SHETLAND, or Zetland, a group of islands constituting a county of Scotland, and the most northerly British possession in Europe. It consists of an archipelago of islands and islets, over 100 in number, situated to the north-east of Orkney, between 59° 50′ and 60° 52′ N. and 0° 55′ and 2° 14′ W., and bounded on the W. by the Atlantic and on the E. by the North Sea. The distance from Dennis Head in North Ronaldshay of the Orkneys to Sumburgh Head in Shetland is 50 m., but Fair Isle, which belongs to Shetland, lies midway between the groups. The islands occupy an area of 352,889 acres or 551·4 sq. m. Besides Mainland, the principal member of the group, the more important are Yell, Unst and Fetlar in the north, Whalsay and Bressay in the east, Trondra, East and West Burra, Papa Stour, Muckle Roe and Foula in the west, and Fair Isle in the south. The islands present an irregular surface, frequently rising into hills of considerable elevation (an extreme of 1475 ft. is found in the north-west of Mainland). Most of the inland scenery is bleak and dreary, consisting of treeless and barren tracts of peat and boulders. The coast scenery, especially on the west, is always picturesque and often grand, the cliffs, sheer precipices of brilliant colouring, reaching a height of over 1000 ft. at some places. The shores are so extensively indented with voes, or firths—the result partly of denudation and partly caused by glaciers—that no spot in Shetland is more than 3 m. from the sea. There are sheets of fresh water in the larger islands, the most important being Strom Loch (2 m. long), Girlsta (11/2 m. long) and Spiggie (11/2 m.) in Mainland, and Loch of Cliff (2 m.) in Unst, and numerous short streams. The principal capes are Sumburgh Head, the most southerly point of Mainland, a bold promontory 300 ft. high; Fitful Head, on the south-west of the same island, a magnificent headland, 2 m. in length and nearly 1000 ft. high, where Norna, the prophetess of Sir Walter Scott's Pirate, was supposed to have her abode and which the Norsemen called the White Mountain, in allusion to the colour of the clay slate composing it; and the Noup and Herma Ness, two of the most northerly points in Unst.

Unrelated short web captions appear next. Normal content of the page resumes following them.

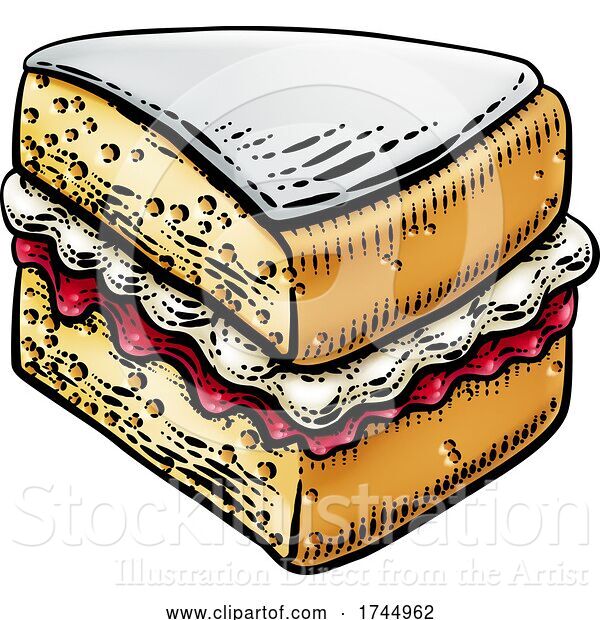 Vector Illustration of Cake Sponge Slice Jam Cream Woodcut Drawing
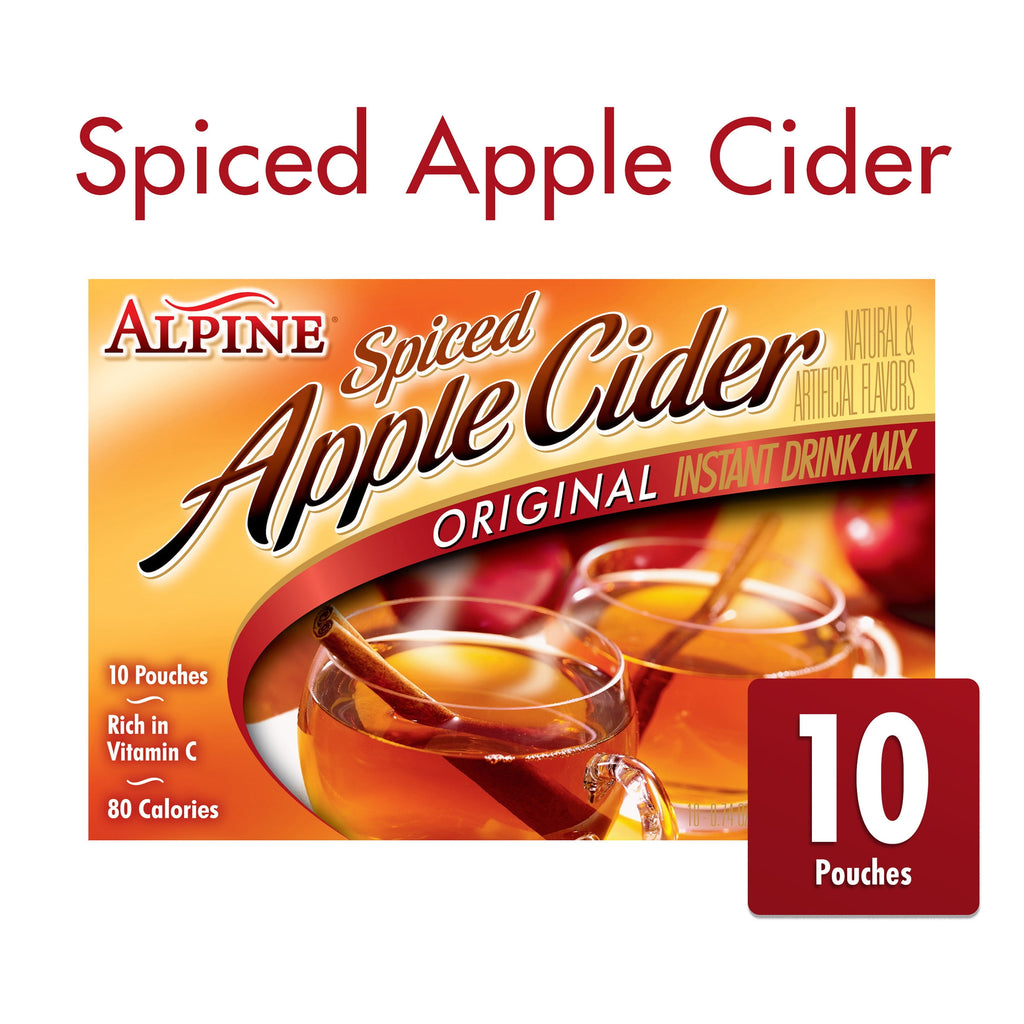 Alpine Spiced Cider Original Powdered Drink Mix Apple 10 Pouches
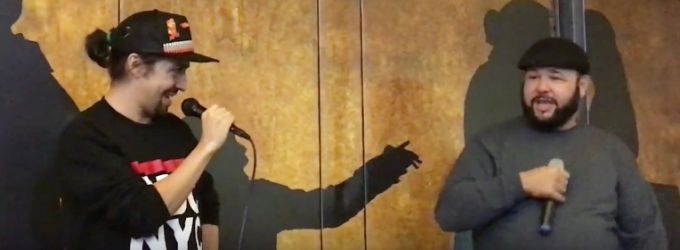 STAGE TUBE: HAMILTON's Stage Door Guy Angelo Dazzles with Lin-Manuel Miranda at… Video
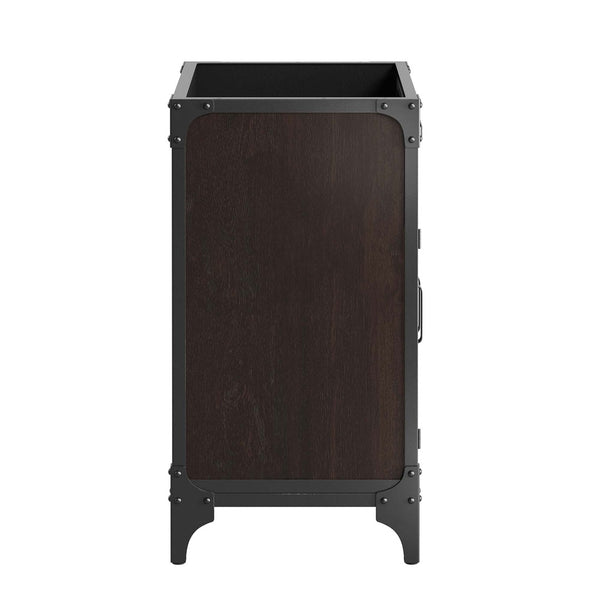 Modway Furniture Steamforge 24" Bathroom Vanity Cabinet - Compact Industrial Design with Wood-Grain Finish, Black Walnut EEI-6127-BLK-WAL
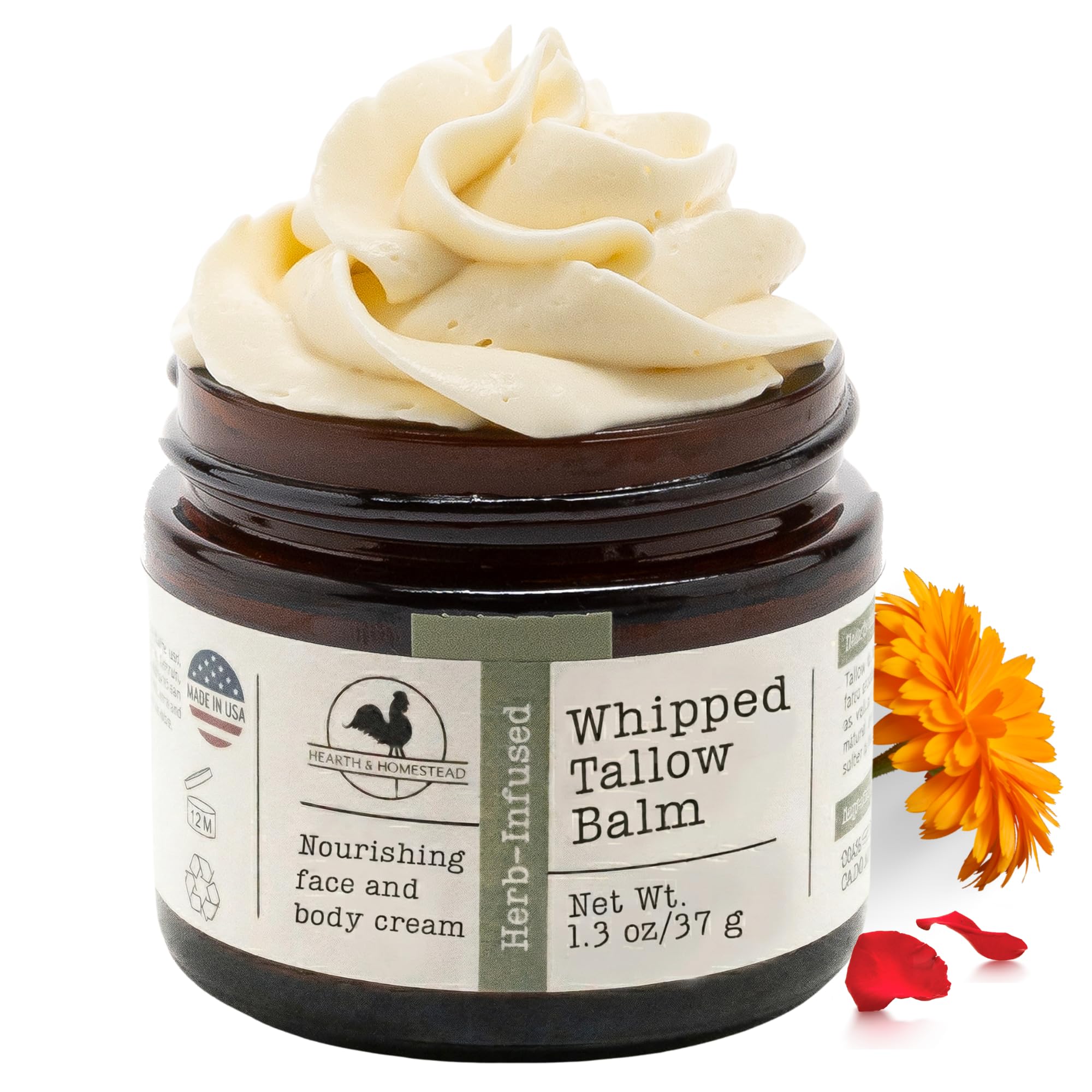Hearth and Homestead: Handmade Whipped Tallow Balm (Herb-Infused/Unscented) - Large Jar - 2.6 oz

Geology.—The geological characters of this group of islands resemble those of the northern part of Scotland. Old Red Sandstone, red grits, sandstones and marls and conglomerate occur in a narrow belt on the east side of Mainland from Sumburgh Head to Rova Head, north of Lerwick; they also form the island of Bressay. In the western portion of Mainland, in Northmavine, there is a considerable tract of rocks of this age which are formed largely of intrusive diabase-porphyrite; similar volcanic rocks occur in Papa Stour. These are penetrated by intrusions of granitic and felsitic character; one of these masses in Papa Stour is a handsome pink felsite. Practically all the remaining area in these islands is occupied by metamorphic schists and gneisses which occur in great variety and with which are associated numerous dikes and masses of intrusive igneous rock. The southern part of Mainland, from Laxfirth Voe to Fitful Head a series of dark schists and slates, is found with subordinate limestones. The metamorphic rocks of the rest of Mainland are principally coarse gneisses, micaceous and chloritic schists, quartzites, &c.; in these rocks at Tingwall and Wiesdale considerable beds of limestone occur, which may be followed across the island in a northerly direction to Yell Sound, and to Dales Voe in Delting.